▶ _Dataset records_:

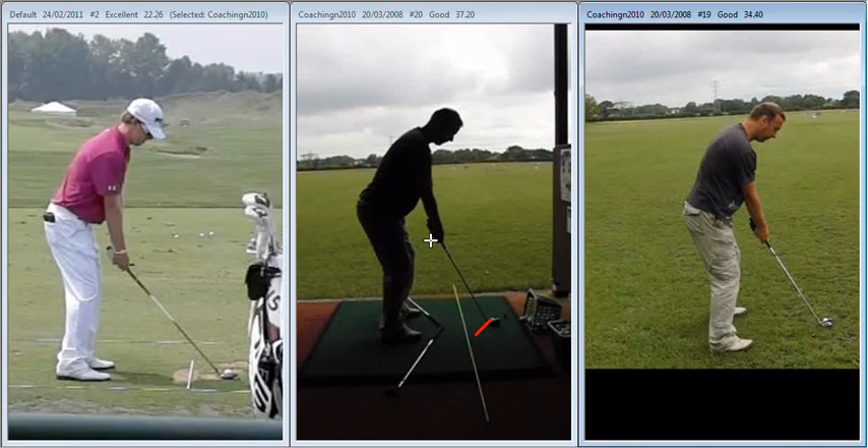Hi Craig, great to meet you again on the range to do some further work on your swing. Just to recap on the session that we had: we had the first lesson and discussed the importance of leading with the handle through impact, and the second lesson is talking about how to achieve that.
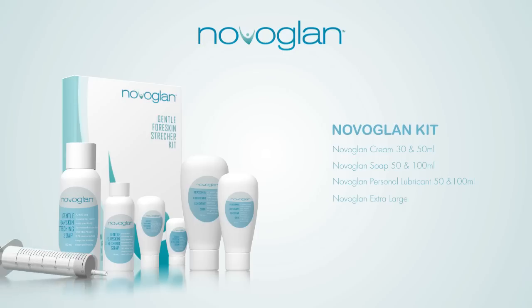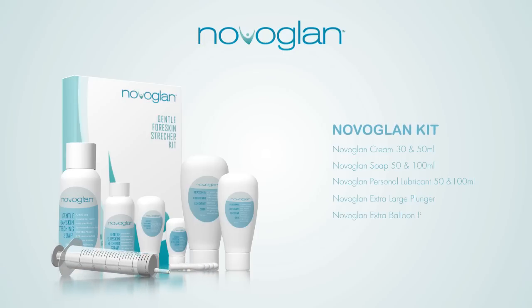NovoGlan Extra Large Plunger. NovoGlan Extra Balloon Pack, or Pax.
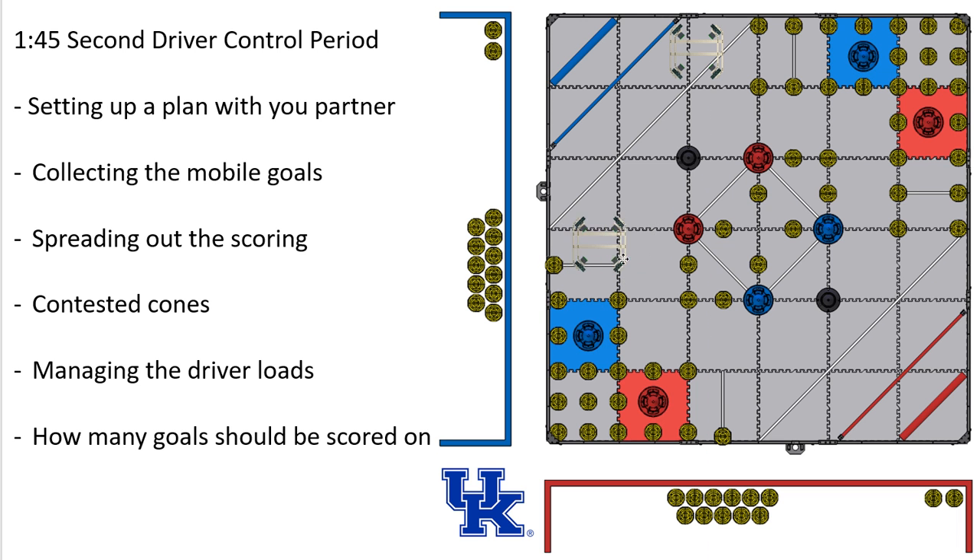I would go after those contested cones and try to figure out how best to manage my driver loads. If I'm going after the 20-point zone and want to be precise, I can do that very quickly using driver loads. I can also hold those off until later, which I think you'll see a lot more often later in the season. While I'm over here scoring these field cones, I'm not taking any from my opponent, whereas my opponent can't take my driver loads.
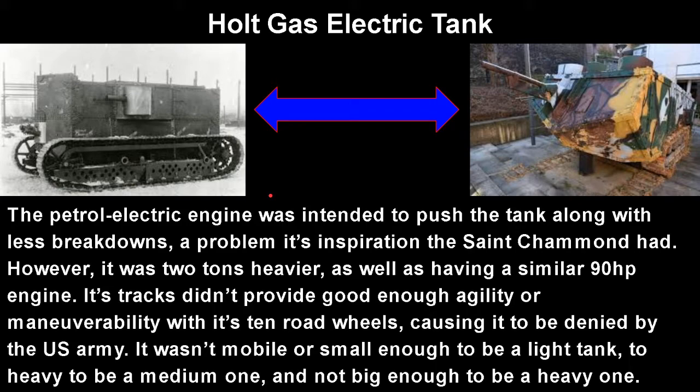The petrol-electric system was intended to give the tank fewer breakdowns, a problem the Saint-Chamond had. However, it was two tons heavier and used the same engines. Its tracks didn't prove good enough in terms of agility or maneuverability with its 10 road wheels, causing it to be denied by the U.S. Army. It wasn't mobile or small enough to be a light tank, too heavy to be a medium one, and not big or strong enough to be a heavy tank — it just didn't fit any role the Army wanted.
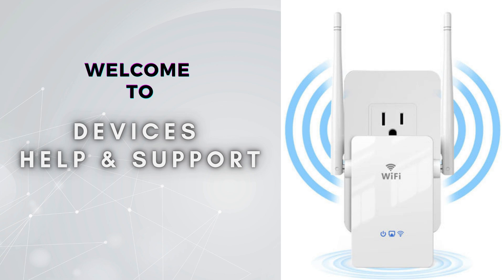Welcome to Device Help Support, your ultimate destination for everything related to device setup, troubleshooting, and optimizing your tech experiences. Subscribe to our YouTube channel for more videos related to setup, troubleshooting, and unboxing. And don't forget to press the bell icon so you don't miss our latest videos.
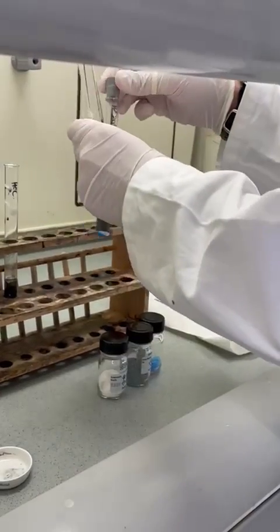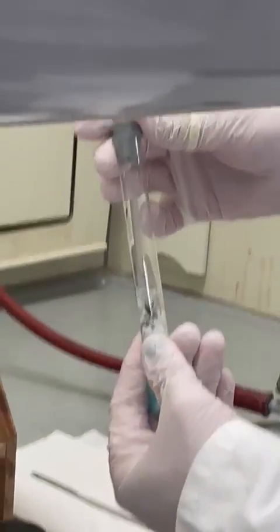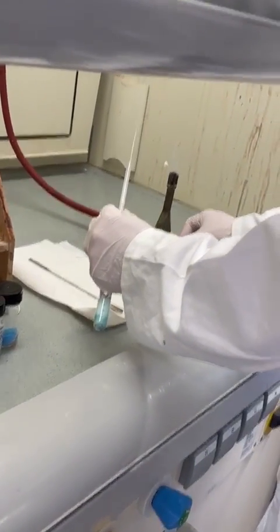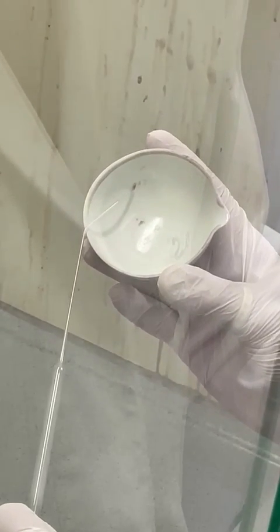Once the hydrogen production has started, you have to wait some time to ensure that most of the oxygen in the test tube has been displaced. Otherwise, the mixture in your test tube is explosive and will blow up in your hands, spilling toxic liquid everywhere. When some time has passed, a bent Pasteur pipette is put on top with a rubber stopper and the channel gas is lit at the tip of the pipette.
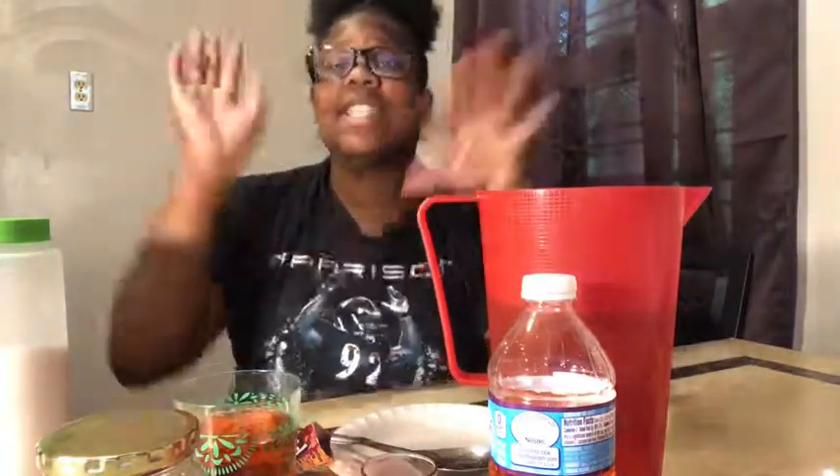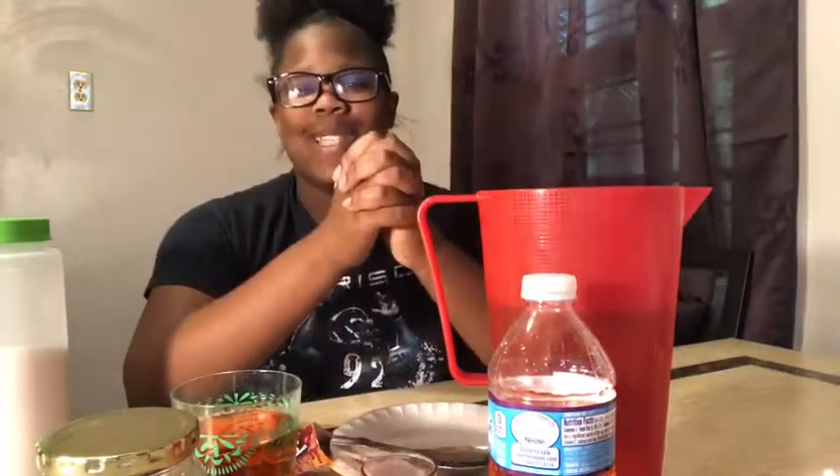All right, so as you guys have seen, right here, right front and center, live and in action, I've made Kool-Aid in about six different containers, and they all came out the same. And you want to know why? Because we followed the simple instructions: Water. Kool-Aid. Sugar. I'm TNT Tay. Be back for another video next week. See you guys.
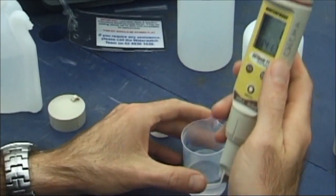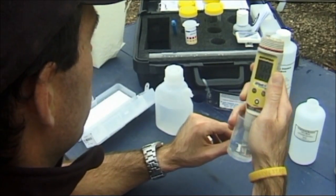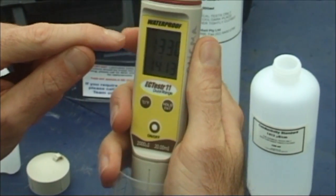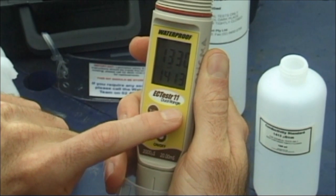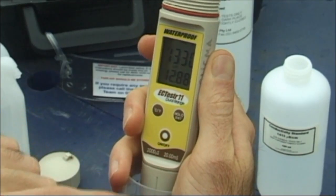Place the probe into the solution. Rotate your wrist. When the reading stabilises, press the hold button. The screen will display CO for 2 seconds. The meter has confirmed the measurement. 12.88 millisiemens will now flash on the screen.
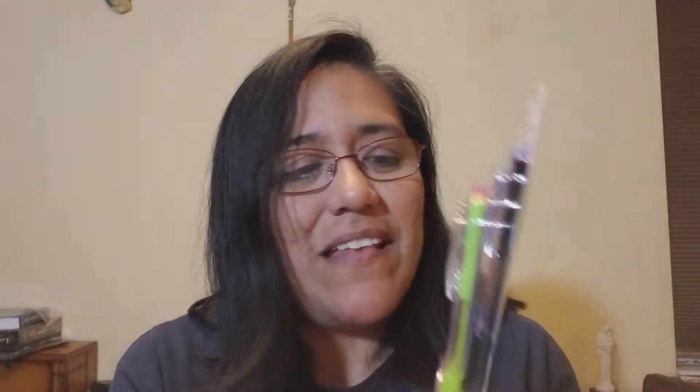For school I also got these pens. I've gotten them before and I like them because they come in different colors. When grading papers I like to use different colors — I don't like to just use red. At a school I used to work at before, they didn't let us use red because they thought it was too negative. I still prefer using different colors anyway.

▶ _Task prompt_:
Repeat only the lines between the start of the data and the line with "I would go after", including those two lines, and skip the pictures.

▶ _Solution to this exercise_:
Hi Craig, great to meet you again on the range to do some further work on your swing. Just to recap on the session that we had: we had the first lesson and discussed the importance of leading with the handle through impact, and the second lesson is talking about how to achieve that.
NovoGlan Extra Large Plunger. NovoGlan Extra Balloon Pack, or Pax.
I would go after those contested cones and try to figure out how best to manage my driver loads. If I'm going after the 20-point zone and want to be precise, I can do that very quickly using driver loads. I can also hold those off until later, which I think you'll see a lot more often later in the season. While I'm over here scoring these field cones, I'm not taking any from my opponent, whereas my opponent can't take my driver loads.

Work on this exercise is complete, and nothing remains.